■ Task statement: Return only the lines running from the one that contains "Кріплення дзеркало Option (© Geberit) Кріплення" through the end of the entries, exactly, both ends included. Omit pictures.

■ Recorded information:
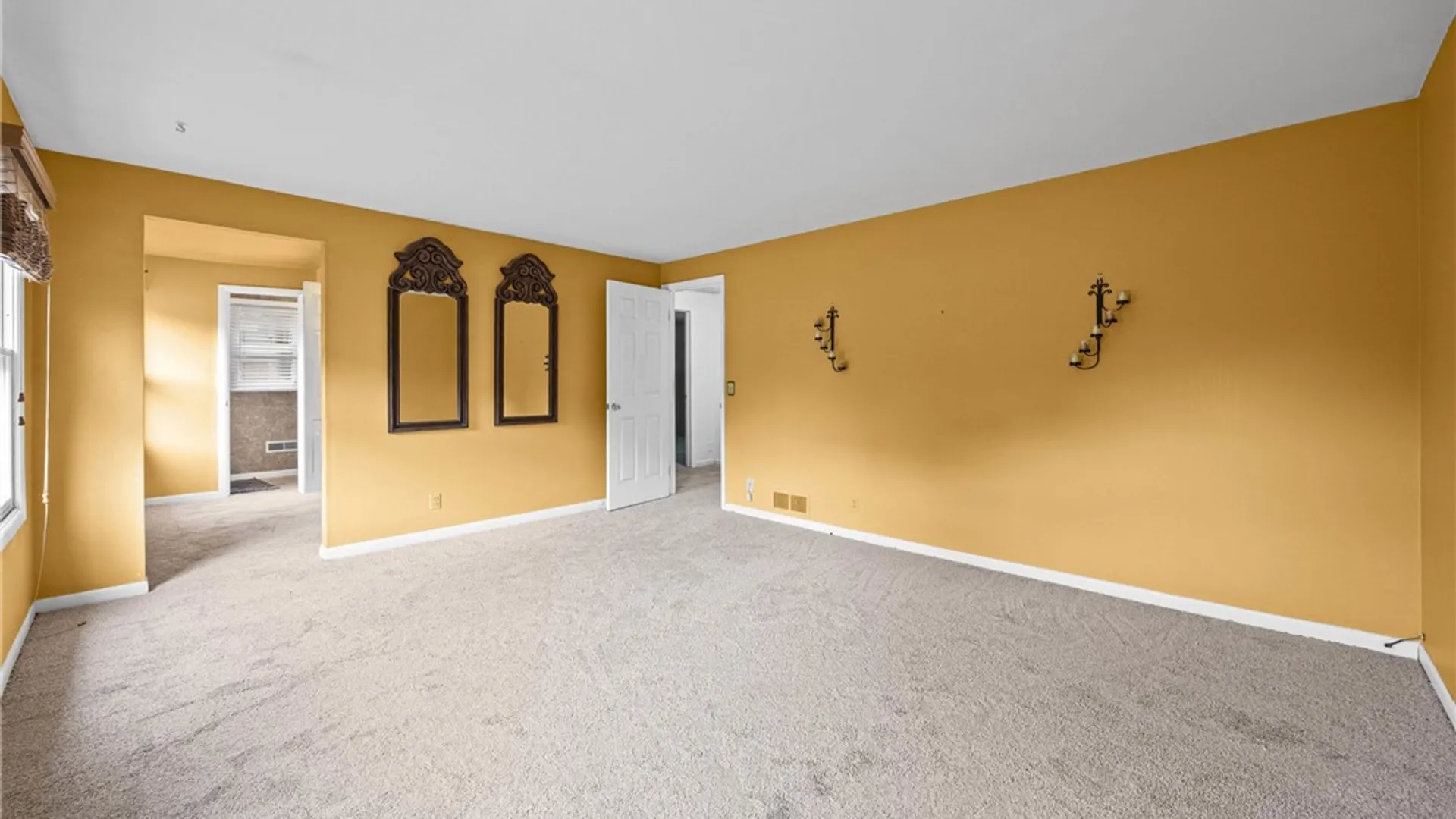 Property at 529 Vintage Lane, Greece, NY 14615 16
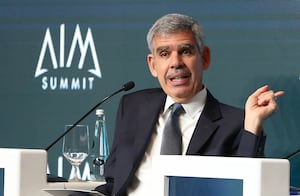 Powell should resign to protect Fed, economist says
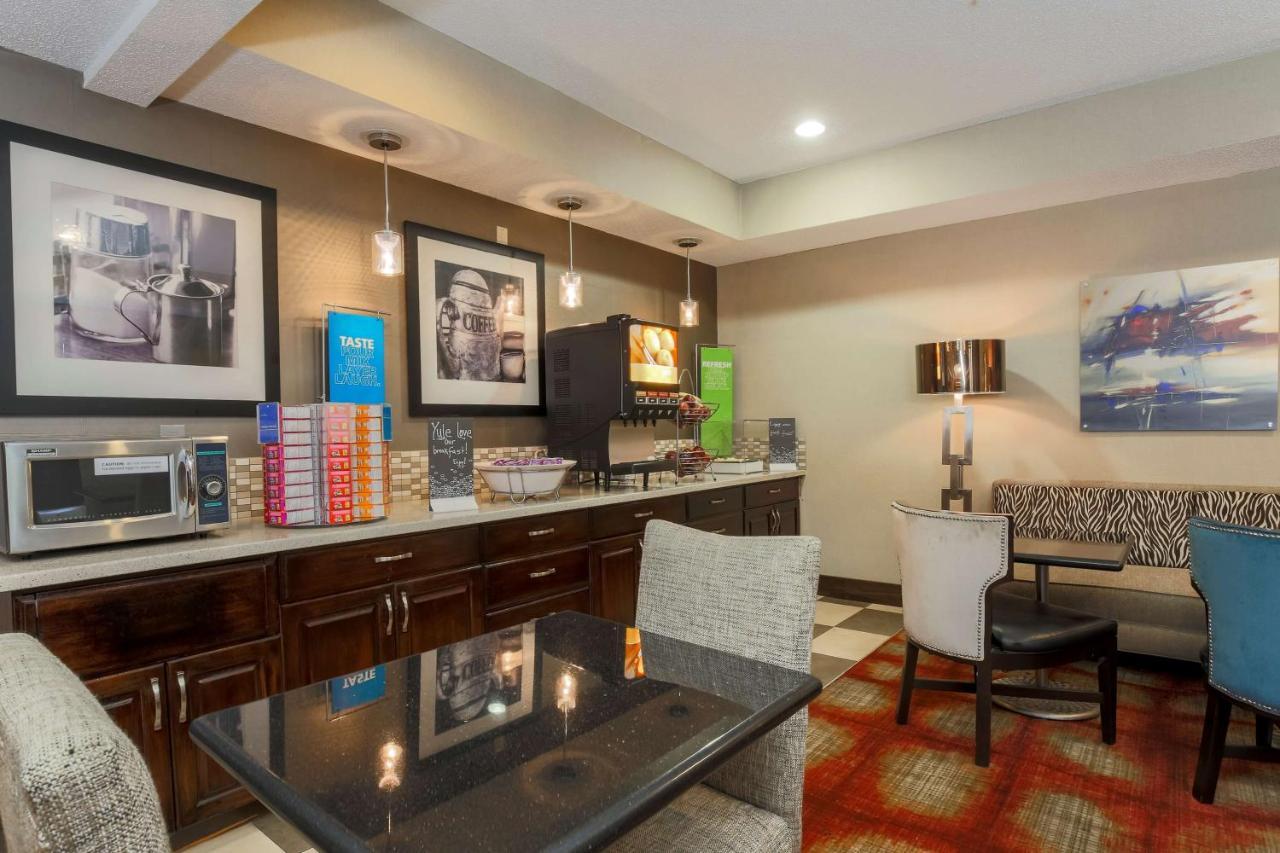 Hampton Dayton Wright Patterson Afb Hotel 3*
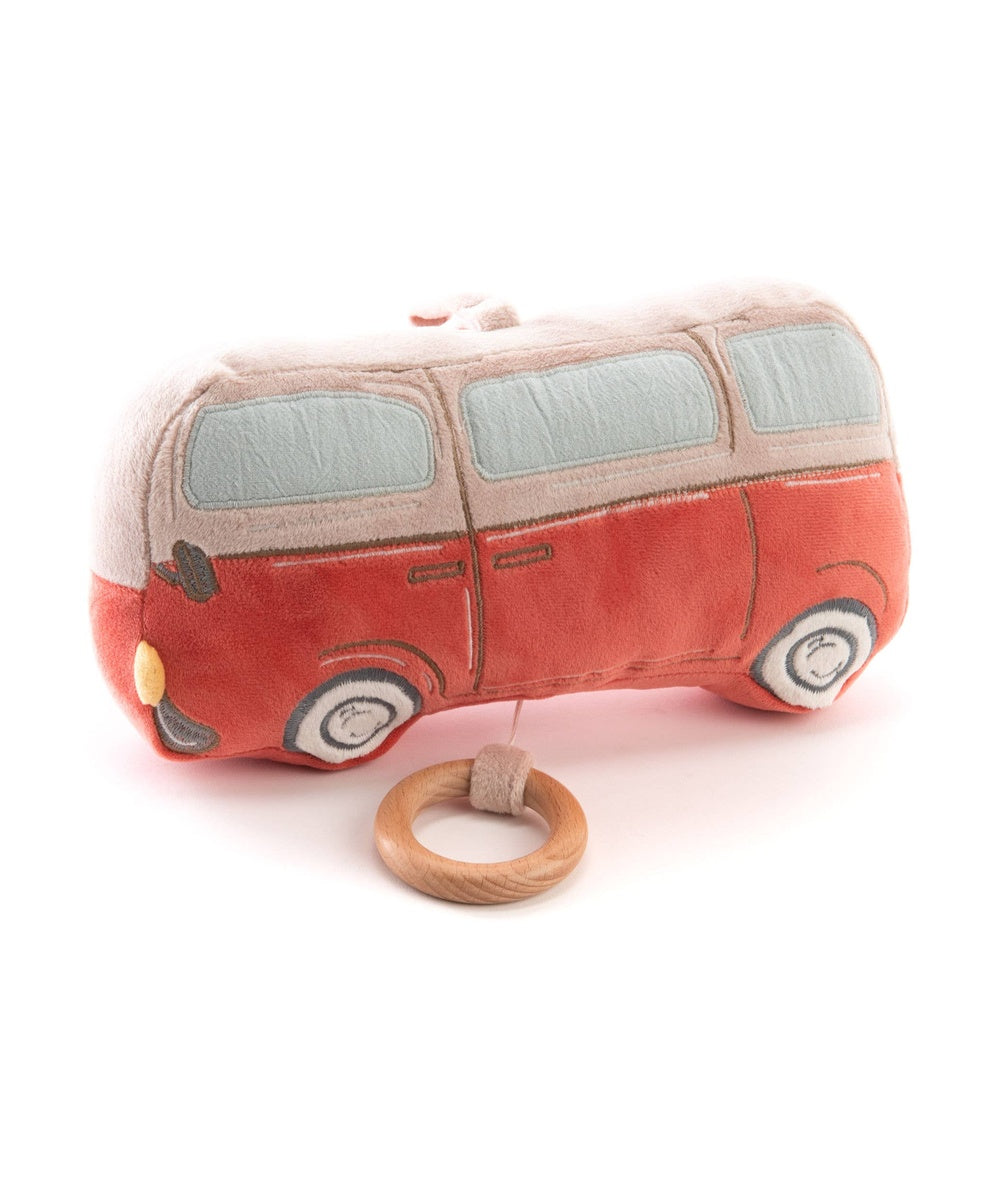 Van musical textile suspendu dans une chambre de bébé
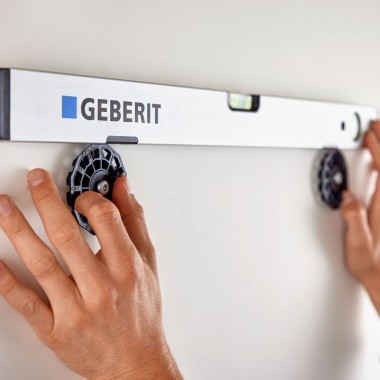 Кріплення дзеркало Option (© Geberit) Кріплення дзеркало Option (© Geberit)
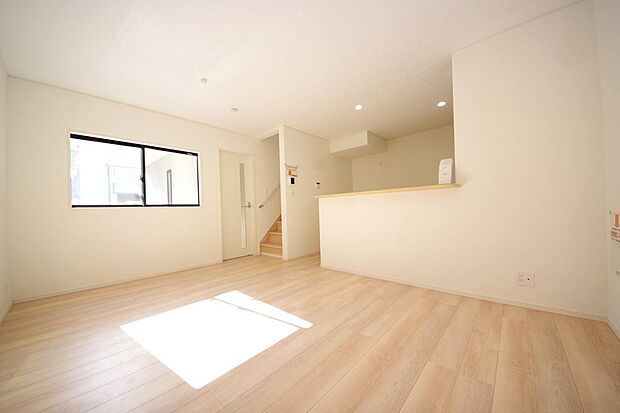 明るい陽光が差し込み開放的なリビング ダイニングを演出し、ゆとりある空間はご満足いただけます。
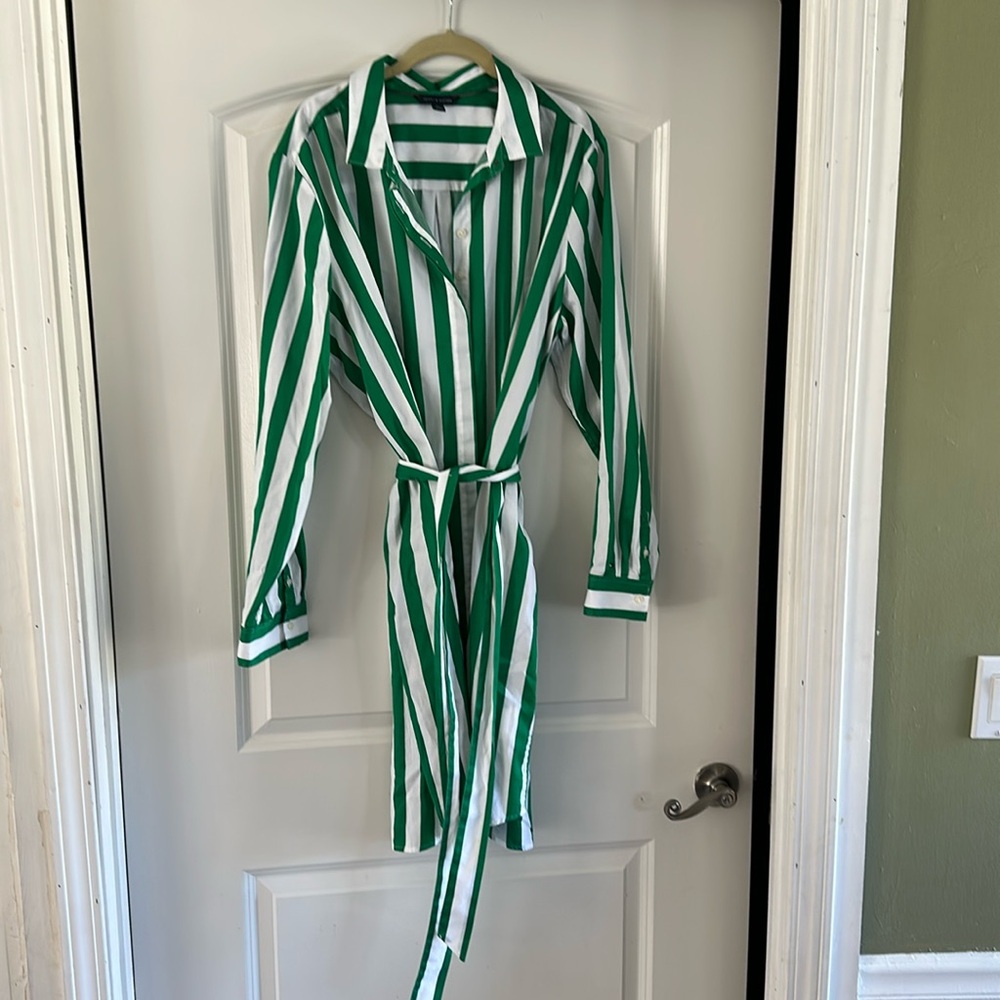 Beautiful Tommy Hilfiger dress, rich white and green striped button up with belt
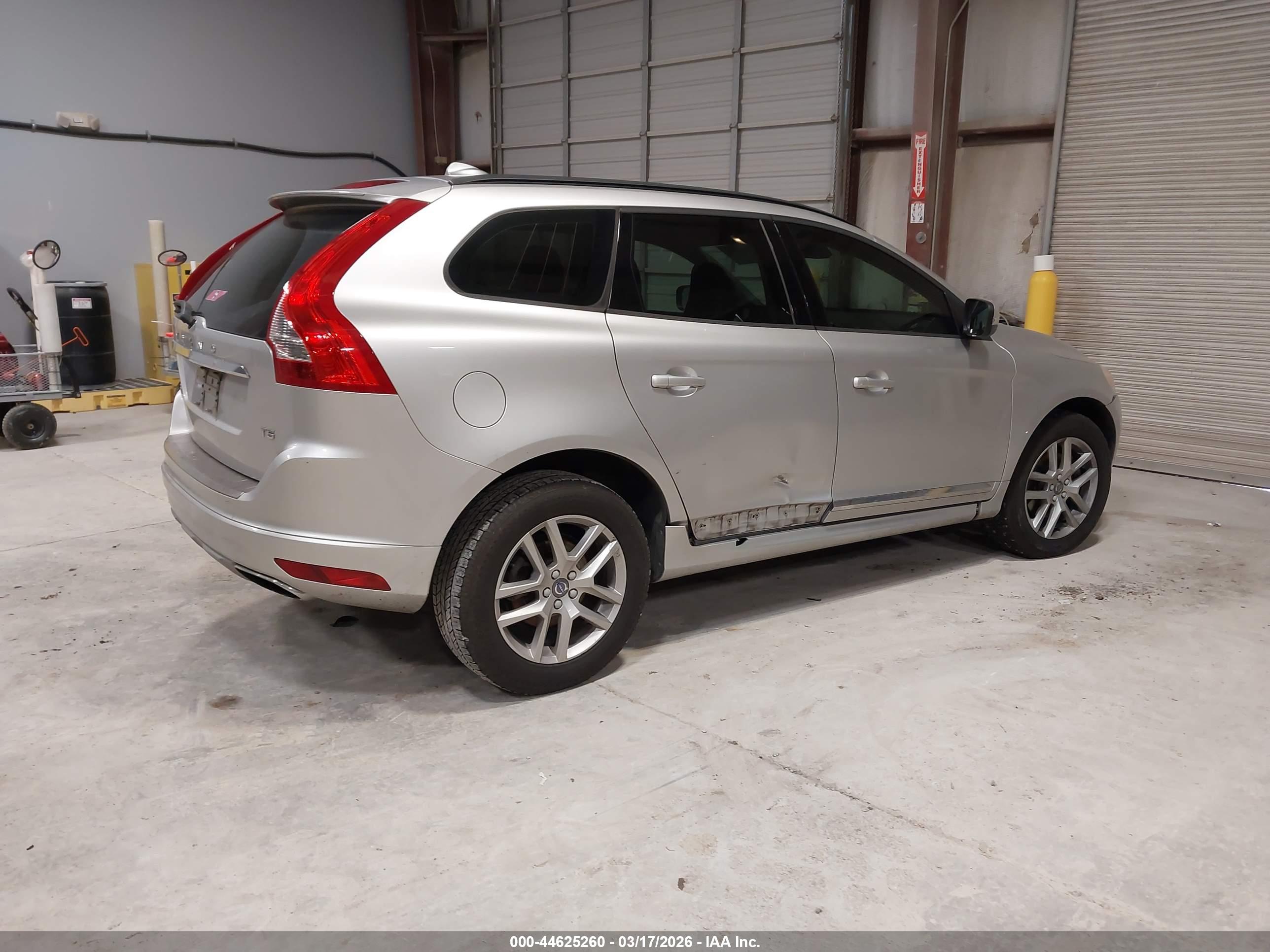 VOLVO XC60 image 4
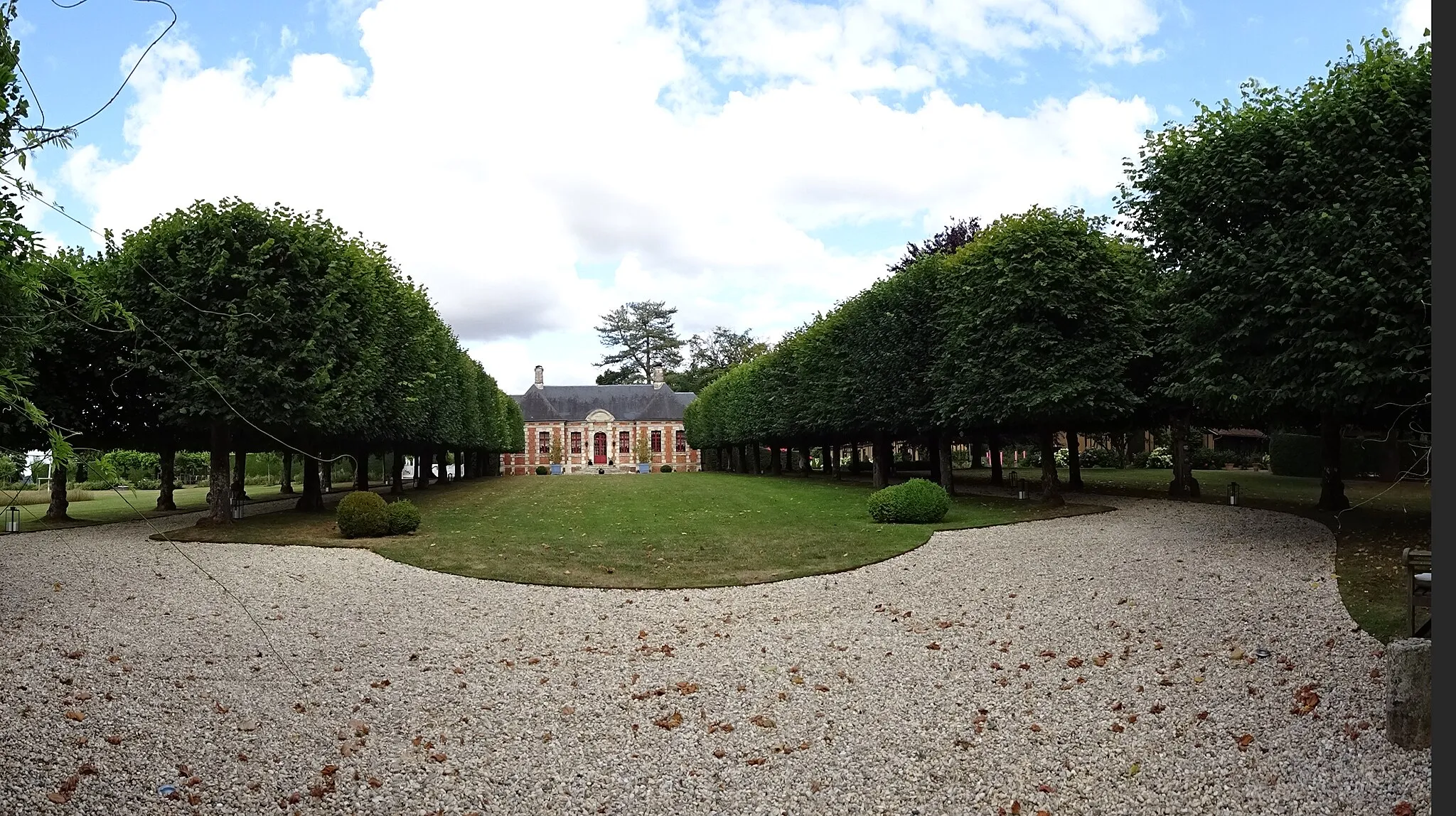 Photo showing: Manoir Saint-Calais à Louversey ; panoramique de l'allée depuis le portail.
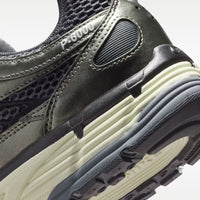 Nike P-6000 SE - Unisex - Anthracite Black Metallic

■ Your solution:
 Кріплення дзеркало Option (© Geberit) Кріплення дзеркало Option (© Geberit)
 明るい陽光が差し込み開放的なリビング ダイニングを演出し、ゆとりある空間はご満足いただけます。
 Beautiful Tommy Hilfiger dress, rich white and green striped button up with belt
 VOLVO XC60 image 4
 Photo showing: Manoir Saint-Calais à Louversey ; panoramique de l'allée depuis le portail.
 Nike P-6000 SE - Unisex - Anthracite Black Metallic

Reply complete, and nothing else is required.